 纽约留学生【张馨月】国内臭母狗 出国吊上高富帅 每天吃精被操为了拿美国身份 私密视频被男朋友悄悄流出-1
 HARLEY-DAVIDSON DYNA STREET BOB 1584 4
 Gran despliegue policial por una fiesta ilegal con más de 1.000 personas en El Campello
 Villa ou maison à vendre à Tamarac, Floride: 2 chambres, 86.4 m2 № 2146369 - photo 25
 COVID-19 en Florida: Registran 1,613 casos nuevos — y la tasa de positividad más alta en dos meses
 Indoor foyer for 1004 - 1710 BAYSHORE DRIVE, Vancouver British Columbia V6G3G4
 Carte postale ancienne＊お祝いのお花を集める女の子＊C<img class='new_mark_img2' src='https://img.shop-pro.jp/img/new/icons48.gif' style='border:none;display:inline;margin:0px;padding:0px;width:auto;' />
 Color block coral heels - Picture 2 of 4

* * * * * * * * *

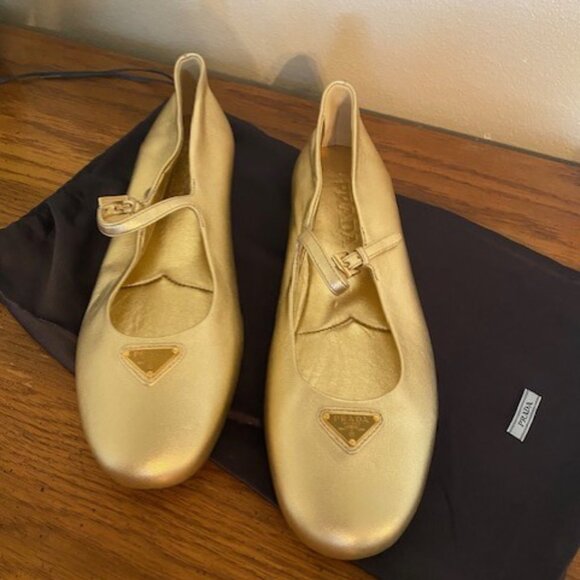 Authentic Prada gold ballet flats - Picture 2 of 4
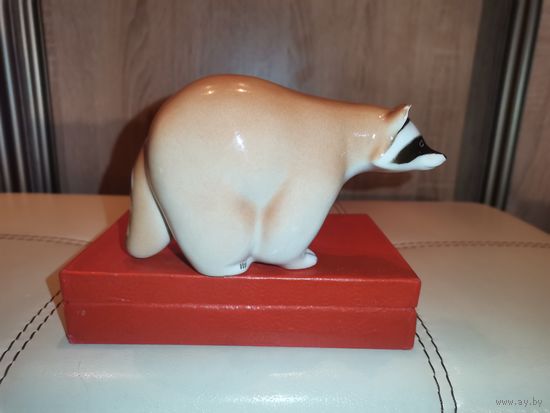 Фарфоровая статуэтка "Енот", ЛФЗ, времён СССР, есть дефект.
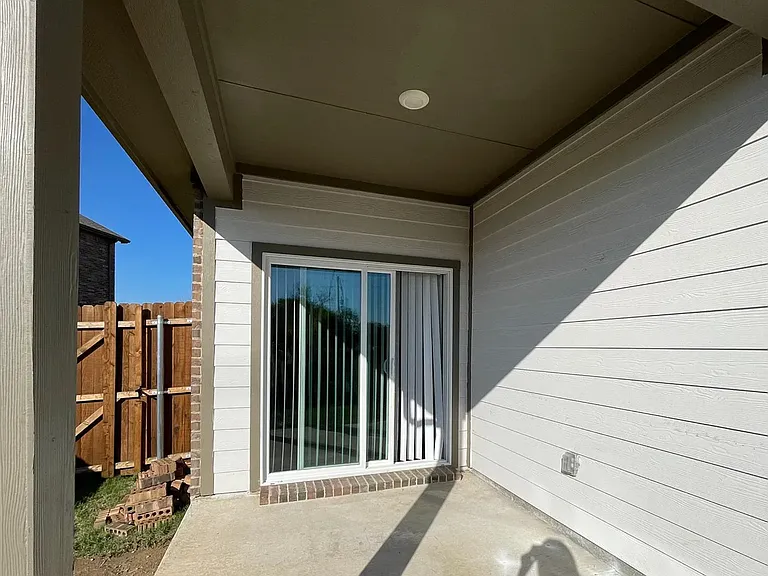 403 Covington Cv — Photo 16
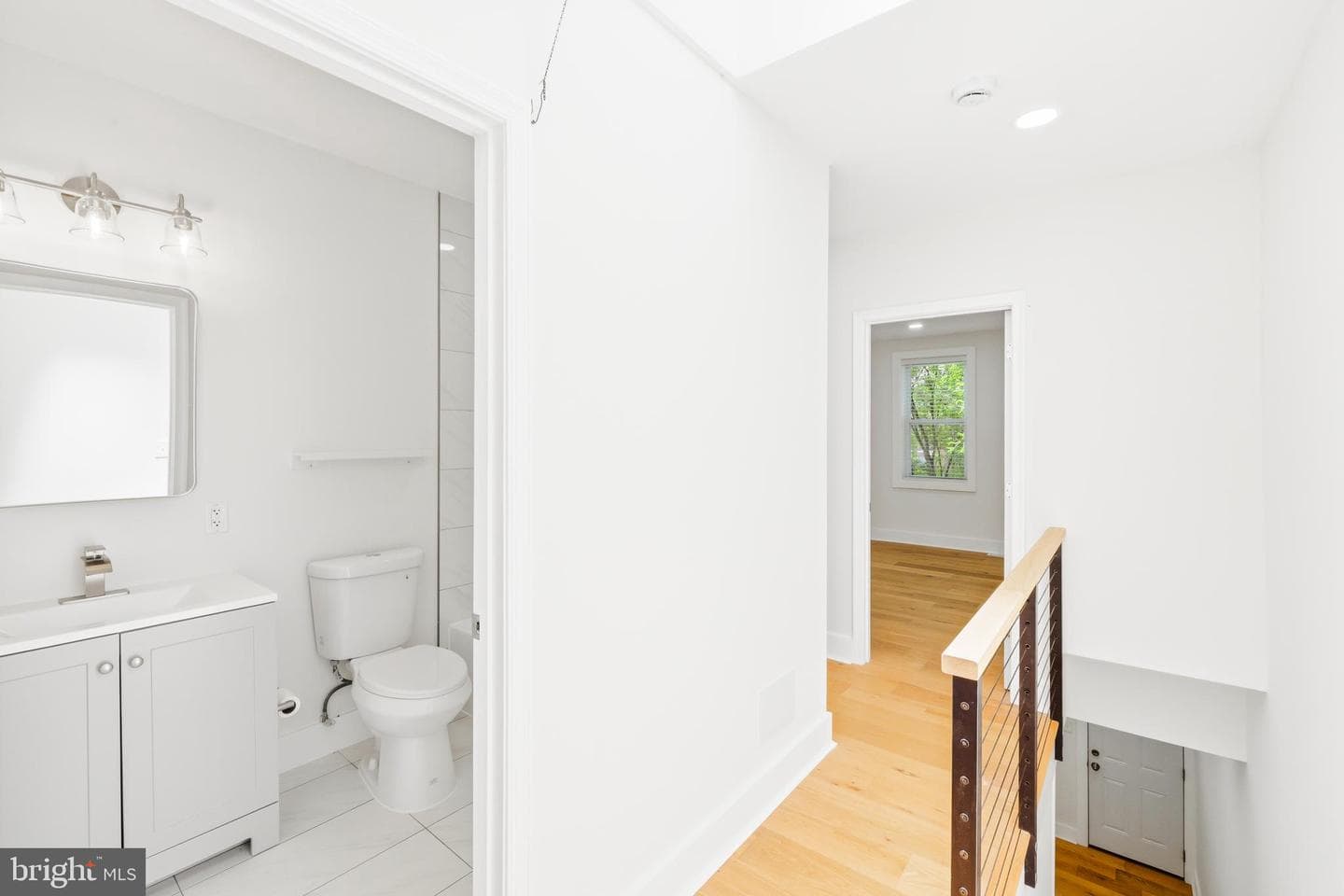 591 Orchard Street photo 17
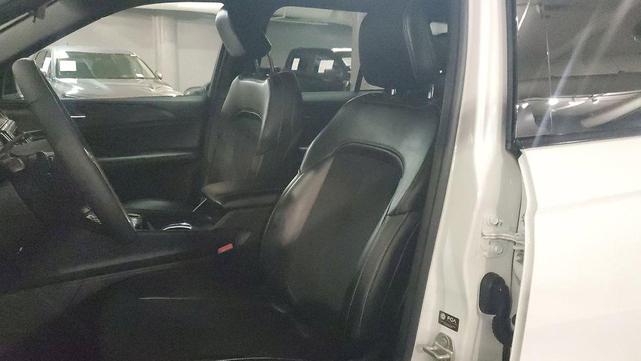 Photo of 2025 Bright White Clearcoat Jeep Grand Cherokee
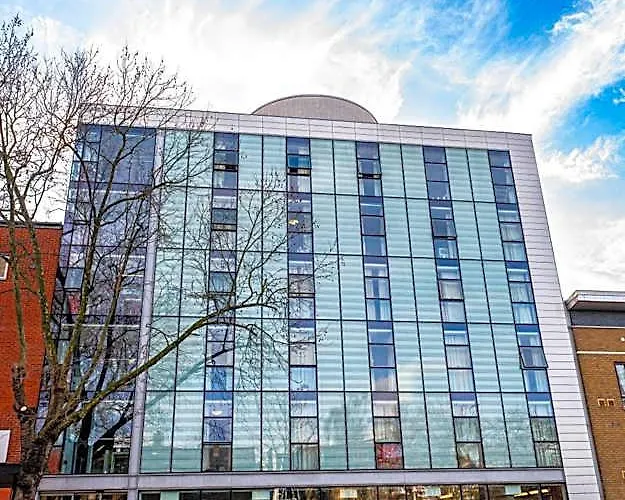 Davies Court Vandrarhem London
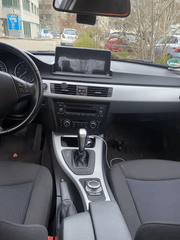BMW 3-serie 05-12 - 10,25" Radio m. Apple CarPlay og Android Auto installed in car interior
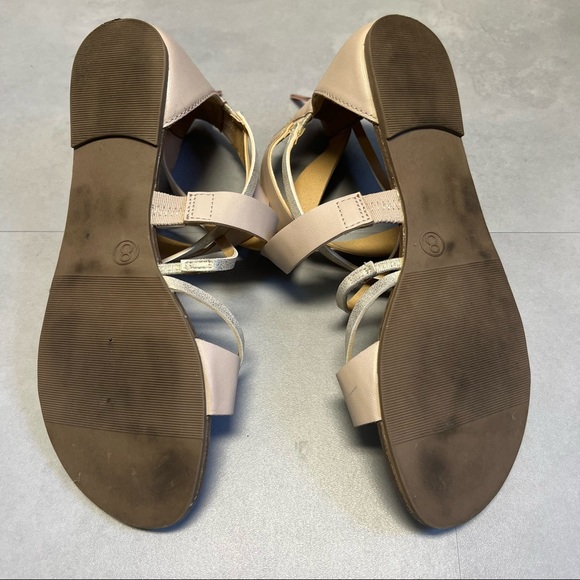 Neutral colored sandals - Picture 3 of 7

* * * * * * * * *

> _EXERCISE INSTRUCTIONS_
Set down again, word for word, the stretch of records from the line with "纽约留学生【张馨月】国内臭母狗 出国吊上高富帅 每天吃精被操为了拿美国身份" to the line with "Color block coral heels - Picture 2 of 4", both of those lines included.

> _REPLY TO THE EXERCISE_
 纽约留学生【张馨月】国内臭母狗 出国吊上高富帅 每天吃精被操为了拿美国身份 私密视频被男朋友悄悄流出-1
 HARLEY-DAVIDSON DYNA STREET BOB 1584 4
 Gran despliegue policial por una fiesta ilegal con más de 1.000 personas en El Campello
 Villa ou maison à vendre à Tamarac, Floride: 2 chambres, 86.4 m2 № 2146369 - photo 25
 COVID-19 en Florida: Registran 1,613 casos nuevos — y la tasa de positividad más alta en dos meses
 Indoor foyer for 1004 - 1710 BAYSHORE DRIVE, Vancouver British Columbia V6G3G4
 Carte postale ancienne＊お祝いのお花を集める女の子＊C<img class='new_mark_img2' src='https://img.shop-pro.jp/img/new/icons48.gif' style='border:none;display:inline;margin:0px;padding:0px;width:auto;' />
 Color block coral heels - Picture 2 of 4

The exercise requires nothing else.